I’m concerned that, if breach data is not formally included in the remit of Institutional Review Boards and Human Research Ethics Committees, it will eventually occur to unethical researchers that they can just pay hackers to obtain the data they want, and release it to the public.

This is important because there is a growing swag of breached data out there. At the time of writing, the website Have I Been Pwned can tell you if your details are contained within the 5,429,399,504 accounts from 313 breached websites recorded on the site. That’s five billion hacked accounts, people!

All the data breaches on the site have been verified by the site owner, Troy Hunt. He doesn’t pay for data, but people (both trusted and untrusted) do send it to him. He often works with the organisations involved, but not always.

Troy has thought about these issues a lot. Have I been pwned allows you to check if your personal data has been compromised in data breaches. For most breaches, you can type in your email address and the site will confirm whether your personal data is included in the breach. He didn’t do that for the Ashley Madison breach, as this system allows you to determine if anyone’s data is in the breach. For Ashley Madison (and similar breaches, such as Adult Friend Finder), he invoked the concept of ‘sensitive’ data.
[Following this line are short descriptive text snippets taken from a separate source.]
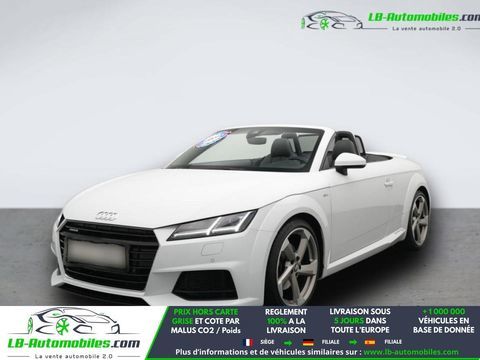 Audi TT 2.0 TFSI 230 Quattro BVA 6 2018 occasion Beaupuy 31850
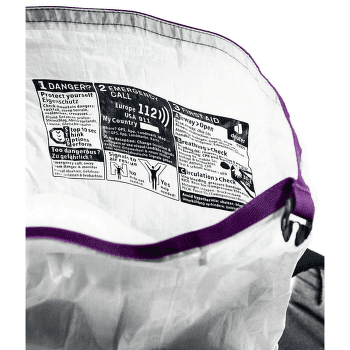 Plecak deuter Guide Ultra 24 SL white-black
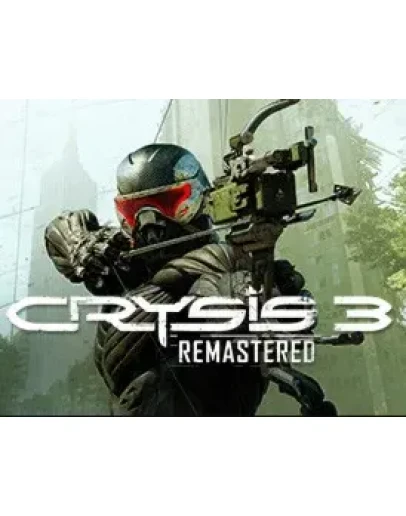 Crysis 3 Remastered STEAM Аккаунт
Privacy legislation in many jurisdictions recognises that some data is more sensitive than other data, and therefore the law requires you to be more careful with that data. In Australia (where I am from), the legal definition of sensitive data includes racial or ethnic origin; political opinions; membership of a political association; religious beliefs or affiliations; philosophical beliefs; membership of a professional or trade association; membership of a trade union; sexual preferences or practices; or criminal record. Australia also has special rules for financial data and for health data. Other jurisdictions vary on what is considered sensitive.

Troy is a security consultant. He doesn’t work at a university. You can see this when he says:

“I’ve been asked a few times now what the process for flagging a breach as sensitive is and the answer is simply this: I make a personal judgement call.” – The Ethics of Running a Data Breach Search Service.

He doesn’t need to go through an Institutional Review Board or a Human Research Ethics Committee. We do. We work within a structure that provides rules and guidelines. I think that this gives us two different issues to talk about:

How do we run the system:
What is the role of ethics committees and institutional review boards in an age of breached data? Do we need to tighten up the framework?
How do we police ourselves:
As a researcher, what attitude should you take to using breach data?

Here are some questions that might help to shape your thinking around this:

Would you pay for access to breach data for research purposes?
Would you use breach data for research if it was provided to you anonymously (ie not yet public)?
Would you use breach data for research if it was provided to you by the hackers (ie not yet public, and from an illegal source)?
Would you use breach data for research if it was provided to you by the organisation that was breached (ie not yet public, and from the data owner)?
Would you use breach data for research if it was provided to you by a trusted third party (ie not yet public, and from another researcher, for example)?
Would you collect the data yourself, for research purposes, if you found that it was ‘leaking’ (eg publicly accessible, but only in a manner that the site owner did not anticipate, such as URI-manipulation).
Would you only use breach data that had already been released to the public by someone else (ie anonymous or known source, no payment involved).
Would you link multiple sets of breached data for research purposes?

There is a heap of breach data out there. If you wanted to, you could build a research niche just using this data alone. I wouldn’t, though.